*Supplied data*.
※
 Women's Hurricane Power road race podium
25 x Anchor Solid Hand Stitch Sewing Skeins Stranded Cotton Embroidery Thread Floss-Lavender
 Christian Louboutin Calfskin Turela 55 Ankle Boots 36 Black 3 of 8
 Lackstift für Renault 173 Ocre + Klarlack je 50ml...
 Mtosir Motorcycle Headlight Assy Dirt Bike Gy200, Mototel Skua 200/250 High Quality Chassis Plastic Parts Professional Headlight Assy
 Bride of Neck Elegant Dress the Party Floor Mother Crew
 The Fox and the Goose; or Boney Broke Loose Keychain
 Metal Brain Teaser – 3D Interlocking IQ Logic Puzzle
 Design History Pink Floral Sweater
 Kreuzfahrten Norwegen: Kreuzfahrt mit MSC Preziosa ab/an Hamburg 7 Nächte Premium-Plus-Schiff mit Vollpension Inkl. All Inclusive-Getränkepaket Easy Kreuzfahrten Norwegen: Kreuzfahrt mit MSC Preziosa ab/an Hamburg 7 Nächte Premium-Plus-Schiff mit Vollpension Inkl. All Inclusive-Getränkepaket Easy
※
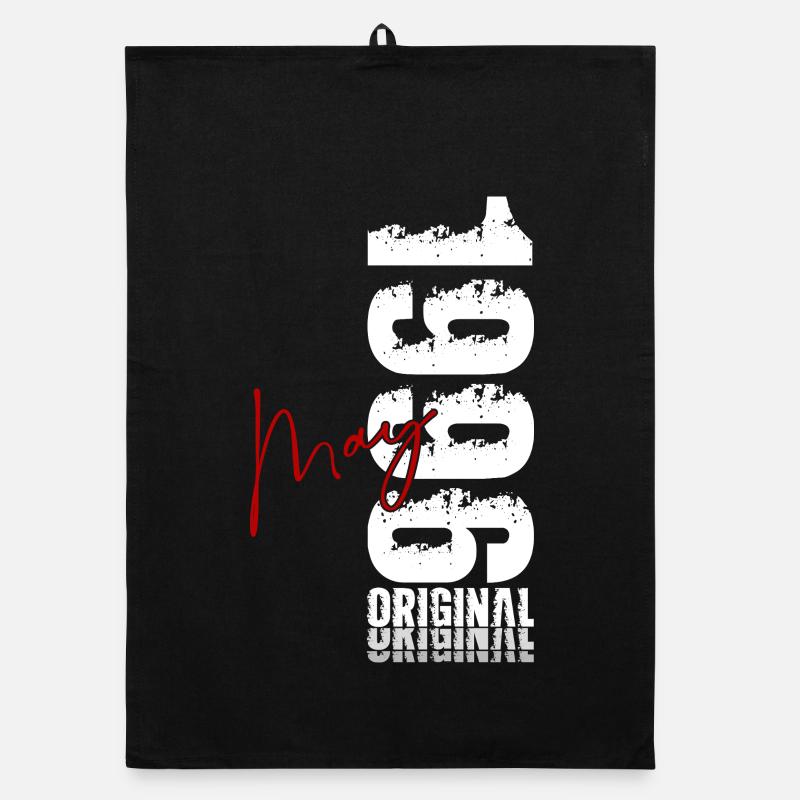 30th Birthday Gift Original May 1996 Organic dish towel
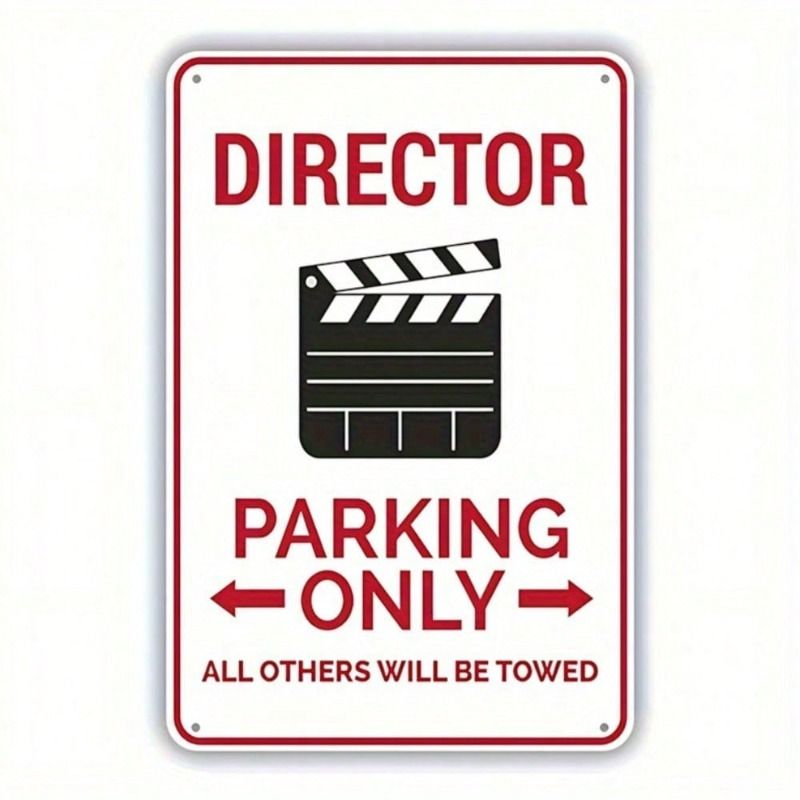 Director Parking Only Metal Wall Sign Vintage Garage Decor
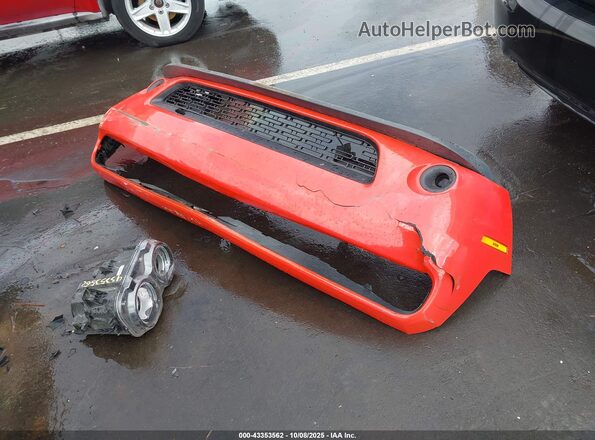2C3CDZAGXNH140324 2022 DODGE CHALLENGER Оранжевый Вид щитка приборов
※
*Required work*. Return, with no change at all, every line in the entries above from the line containing "Mtosir Motorcycle Headlight" through the line containing "Metal Brain Teaser".

*Exercise answer*.
 Mtosir Motorcycle Headlight Assy Dirt Bike Gy200, Mototel Skua 200/250 High Quality Chassis Plastic Parts Professional Headlight Assy
 Bride of Neck Elegant Dress the Party Floor Mother Crew
 The Fox and the Goose; or Boney Broke Loose Keychain
 Metal Brain Teaser – 3D Interlocking IQ Logic Puzzle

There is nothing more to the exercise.